= Erdős–Nagy theorem =

Non-convex polygons can be made convex by flips

The Erdős–Nagy theorem is a result in discrete geometry stating that a non-convex simple polygon can be made into a convex polygon by a finite sequence of flips. The flips are defined by taking a convex hull of a polygon and reflecting a pocket with respect to the boundary edge. The theorem is named after mathematicians Paul Erdős and Béla Szőkefalvi-Nagy.

==Statement==
A pocket of a non-convex simple polygon is a simple polygon bounded by a consecutive sequence of edges of the polygon together with a single edge of its convex hull that is not an edge of the polygon itself. Every convex hull edge that is not a polygon edge defines a pocket in this way. A flip of a pocket is obtained by reflecting the polygon edges that bound the pocket, across a reflection line containing the convex hull edge. Because the reflected pocket lies entirely within the reflected image of the convex hull, on the other side of this line, this operation cannot introduce any crossings, so the result of a flip is another simple polygon, with larger area.

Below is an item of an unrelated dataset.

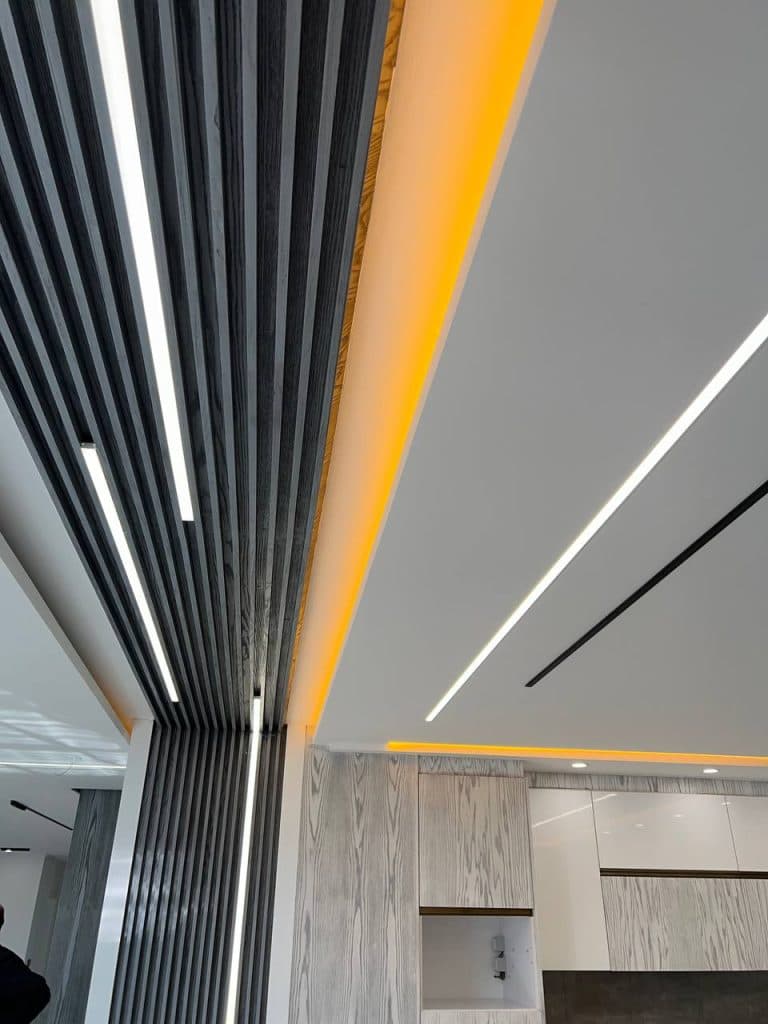 کابینت سازی درودکور قاسمی در اصفهان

In some cases, a single flip will cause a non-convex simple polygon to become convex. Once this happens, no more flips are possible.
The Erdős–Nagy theorem states that it is always possible to find a sequence of flips that produces a convex polygon in this way.
More strongly, for every simple polygon, every sequence of flips will eventually produce a convex polygon, in a finite number of steps.

There exist quadrilaterals that require an arbitrarily large (but finite) number of flips to be made convex. Therefore, it is not possible to bound the number of steps as a function of the number of sides of the polygon.

== History ==
Paul Erdős conjectured the result in 1935 as a problem in the American Mathematical Monthly. In the version posed by Erdős, all pockets are to be flipped simultaneously; however, this may cause the polygon to become non-simple, as two pockets may flip on top of each other. In 1939, Szőkefalvi-Nagy pointed out this problem with Erdős's formulation, reformulated the problem in its now-standard form, and published a proof. Szőkefalvi-Nagy's proof had an incorrect case, which was pointed out in a 1995 survey of the problem by Branko Grünbaum; however, the proofs by Grünbaum and Godfried Toussaint are similarly incomplete. Additional proofs (some but not all correct) were provided in 1957 by two independent Russian mathematicians, Reshetnyak and Yusupov, in 1959, by Bing and Kazarinoff, and in 1993 by Wegner.
Demaine, Gassend, O'Rourke, and Toussaint survey this history and provide a corrected proof.

==Variations==
An alternative method of making non-convex polygons convex that has also been studied is to perform flipturns, 180-degree rotations of a pocket around the midpoint of its convex hull edge.